Create a Data Breach Response Plan
The GPDR requires all businesses to be prepared by creating a breach notification plan. This plan can be implemented if something goes wrong with the collected data. Understanding your data categorisation and the data flow makes it easier to create a response plan. The plan needs to include details on who will co-ordinate the customer communications along with the response in the media and remedial activity. The plan should be rehearsed to ensure everyone is aware of what to do in response to a breach.
12 Steps to Take Now
The ICO have come up with 12 steps that organisations should take now in order to prepare. The 12 steps are listed are:
- Awareness – decision makers need to be made aware of the GDPR and the impact of the new law.
- Document the personal data held in the organisation, how it comes into the business and where it is shared.
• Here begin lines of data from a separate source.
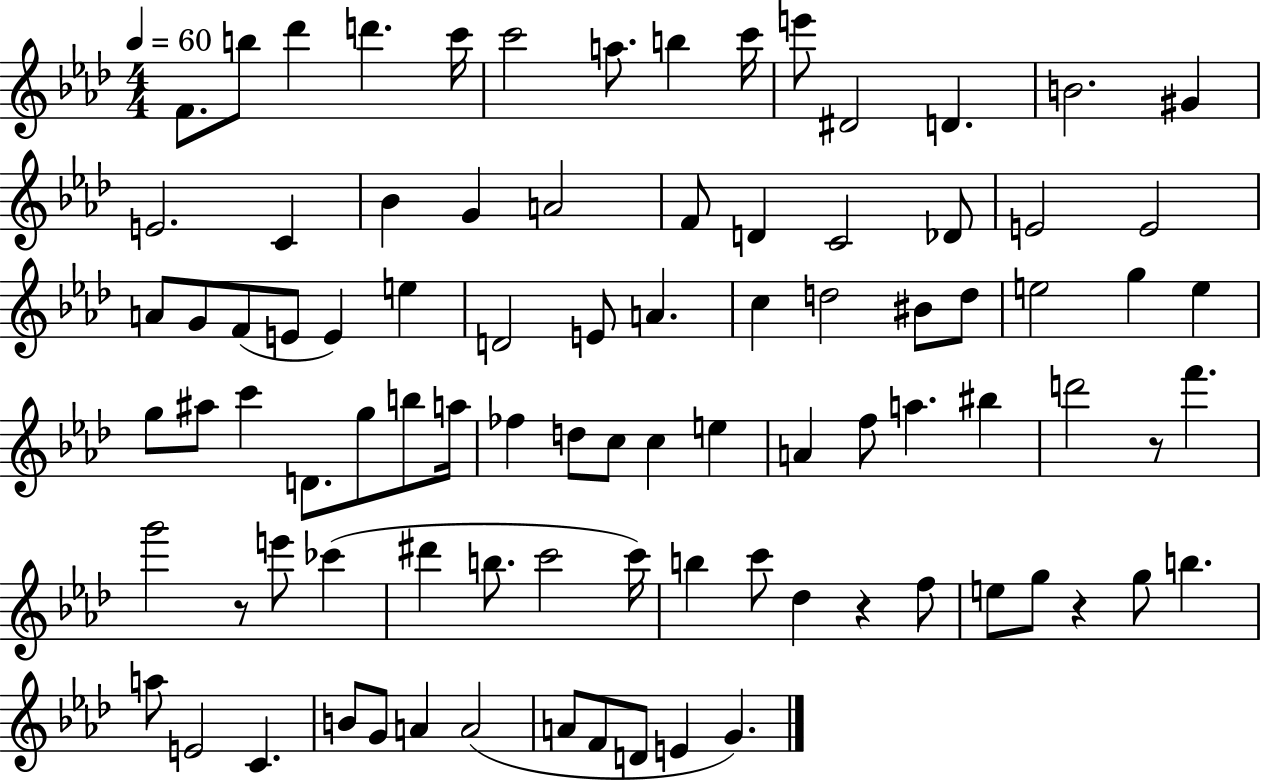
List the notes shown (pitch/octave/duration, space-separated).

F4/e. B5/e Db6/q D6/q. C6/s C6/h A5/e. B5/q C6/s E6/e D#4/h D4/q. B4/h. G#4/q E4/h. C4/q Bb4/q G4/q A4/h F4/e D4/q C4/h Db4/e E4/h E4/h A4/e G4/e F4/e E4/e E4/q E5/q D4/h E4/e A4/q. C5/q D5/h BIS4/e D5/e E5/h G5/q E5/q G5/e A#5/e C6/q D4/e. G5/e B5/e A5/s FES5/q D5/e C5/e C5/q E5/q A4/q F5/e A5/q. BIS5/q D6/h R/e F6/q. G6/h R/e E6/e CES6/q D#6/q B5/e. C6/h C6/s B5/q C6/e Db5/q R/q F5/e E5/e G5/e R/q G5/e B5/q. A5/e E4/h C4/q. B4/e G4/e A4/q A4/h A4/e F4/e D4/e E4/q G4/q.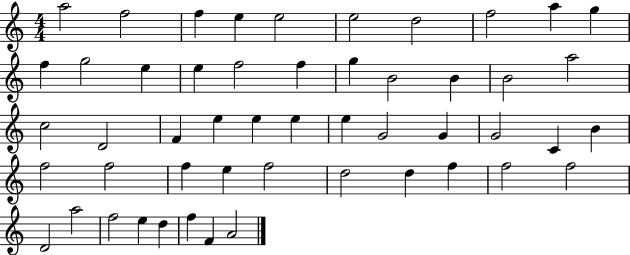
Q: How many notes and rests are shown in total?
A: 51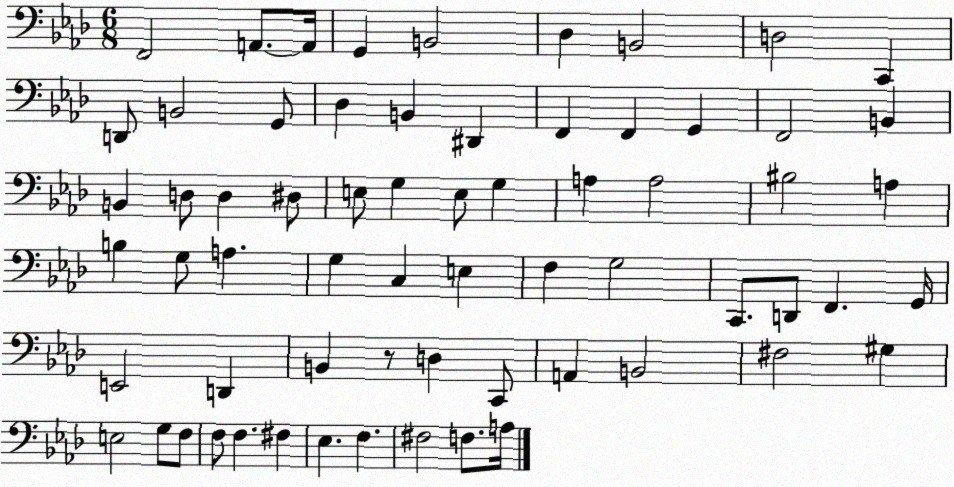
X:1
T:Untitled
M:6/8
L:1/4
K:Ab
F,,2 A,,/2 A,,/4 G,, B,,2 _D, B,,2 D,2 C,, D,,/2 B,,2 G,,/2 _D, B,, ^D,, F,, F,, G,, F,,2 B,, B,, D,/2 D, ^D,/2 E,/2 G, E,/2 G, A, A,2 ^B,2 A, B, G,/2 A, G, C, E, F, G,2 C,,/2 D,,/2 F,, G,,/4 E,,2 D,, B,, z/2 D, C,,/2 A,, B,,2 ^F,2 ^G, E,2 G,/2 F,/2 F,/2 F, ^F, _E, F, ^F,2 F,/2 A,/4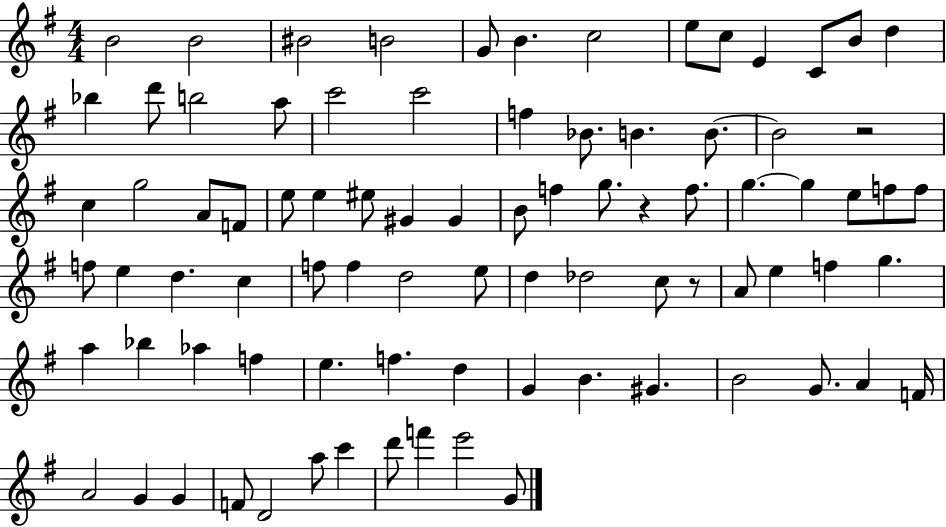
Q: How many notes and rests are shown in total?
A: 85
- Review current privacy notices and create a new plan for necessary changes in time for 25 May 2018.
- Check your procedures cover the individual’s rights.
- Update your procedures and plan how to deal with access requests.
- Examine and document the types of data processing performed in the business and the legal basis for the processes.
- Review how you request, obtain and record consent for taking data and decide if changes are required.
- The creation of systems to verify ages and the collection of parental consent for data processing activities.
- Check procedures are able to detect, report and investigate data breaches.
- Understand privacy impact assessments and know when they are to be implemented.
- Designate a Data Protection Officer, someone who will be responsible for data protection compliance.
- International organisations need to establish which data protection supervisory they fall under.
The new law will require some businesses to perform extensive work and may require large investments of time and money. The year you have left to become compliant will pass by very quickly. Start working on becoming compliant sooner rather than later.